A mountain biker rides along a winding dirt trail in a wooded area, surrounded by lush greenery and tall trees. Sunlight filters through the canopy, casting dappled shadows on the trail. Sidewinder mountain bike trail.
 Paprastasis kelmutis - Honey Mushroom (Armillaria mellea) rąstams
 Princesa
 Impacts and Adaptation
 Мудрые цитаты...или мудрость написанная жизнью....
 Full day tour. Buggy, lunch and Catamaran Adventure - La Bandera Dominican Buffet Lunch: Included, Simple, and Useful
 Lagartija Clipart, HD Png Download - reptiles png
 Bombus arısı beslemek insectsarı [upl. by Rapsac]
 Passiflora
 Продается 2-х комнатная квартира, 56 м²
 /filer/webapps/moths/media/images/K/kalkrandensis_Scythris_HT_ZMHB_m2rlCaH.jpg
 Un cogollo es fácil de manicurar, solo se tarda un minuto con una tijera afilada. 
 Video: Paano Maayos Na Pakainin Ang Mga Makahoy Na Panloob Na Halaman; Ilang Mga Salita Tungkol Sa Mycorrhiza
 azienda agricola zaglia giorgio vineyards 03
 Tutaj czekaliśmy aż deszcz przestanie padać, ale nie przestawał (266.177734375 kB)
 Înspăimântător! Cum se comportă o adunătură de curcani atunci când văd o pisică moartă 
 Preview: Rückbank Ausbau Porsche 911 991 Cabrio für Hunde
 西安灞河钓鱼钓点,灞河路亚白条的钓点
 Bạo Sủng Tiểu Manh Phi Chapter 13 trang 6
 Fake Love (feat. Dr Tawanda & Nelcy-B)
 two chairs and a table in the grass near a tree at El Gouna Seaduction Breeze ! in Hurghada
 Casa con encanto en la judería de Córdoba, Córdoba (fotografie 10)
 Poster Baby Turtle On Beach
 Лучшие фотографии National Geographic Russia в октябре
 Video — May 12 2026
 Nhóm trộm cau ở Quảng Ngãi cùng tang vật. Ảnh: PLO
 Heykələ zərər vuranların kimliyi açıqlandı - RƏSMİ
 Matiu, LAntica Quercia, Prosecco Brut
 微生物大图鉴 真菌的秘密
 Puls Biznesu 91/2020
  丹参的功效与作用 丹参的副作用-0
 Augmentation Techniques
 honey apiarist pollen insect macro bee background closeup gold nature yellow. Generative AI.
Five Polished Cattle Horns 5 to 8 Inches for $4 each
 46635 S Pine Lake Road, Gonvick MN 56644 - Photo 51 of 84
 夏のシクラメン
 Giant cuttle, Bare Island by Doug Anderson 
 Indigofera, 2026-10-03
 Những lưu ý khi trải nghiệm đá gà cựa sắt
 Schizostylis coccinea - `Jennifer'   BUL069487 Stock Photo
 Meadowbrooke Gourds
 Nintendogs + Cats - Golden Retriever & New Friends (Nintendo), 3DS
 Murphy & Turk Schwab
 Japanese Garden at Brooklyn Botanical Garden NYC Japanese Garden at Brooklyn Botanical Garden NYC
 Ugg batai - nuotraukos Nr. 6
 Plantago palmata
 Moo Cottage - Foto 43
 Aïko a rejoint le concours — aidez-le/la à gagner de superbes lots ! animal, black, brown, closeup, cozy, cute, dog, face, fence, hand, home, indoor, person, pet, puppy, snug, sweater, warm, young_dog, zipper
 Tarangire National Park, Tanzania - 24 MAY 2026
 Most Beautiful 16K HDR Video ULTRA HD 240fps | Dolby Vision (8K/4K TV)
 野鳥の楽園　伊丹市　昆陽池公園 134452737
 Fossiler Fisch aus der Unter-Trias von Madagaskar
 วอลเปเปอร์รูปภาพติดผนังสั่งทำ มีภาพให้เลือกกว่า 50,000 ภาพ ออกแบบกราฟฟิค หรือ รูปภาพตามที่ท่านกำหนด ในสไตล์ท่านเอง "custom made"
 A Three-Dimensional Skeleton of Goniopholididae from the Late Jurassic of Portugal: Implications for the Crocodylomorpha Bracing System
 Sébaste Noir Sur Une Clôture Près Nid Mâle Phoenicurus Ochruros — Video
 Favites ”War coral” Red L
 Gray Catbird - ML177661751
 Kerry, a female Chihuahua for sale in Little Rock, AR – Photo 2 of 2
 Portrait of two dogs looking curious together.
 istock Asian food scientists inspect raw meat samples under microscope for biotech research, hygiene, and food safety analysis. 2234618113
#####
**Your objective**. Extract every line above that contains the word "Video".

**Exercise answer**.
 Video: Paano Maayos Na Pakainin Ang Mga Makahoy Na Panloob Na Halaman; Ilang Mga Salita Tungkol Sa Mycorrhiza
 Video — May 12 2026
 Most Beautiful 16K HDR Video ULTRA HD 240fps | Dolby Vision (8K/4K TV)
 Sébaste Noir Sur Une Clôture Près Nid Mâle Phoenicurus Ochruros — Video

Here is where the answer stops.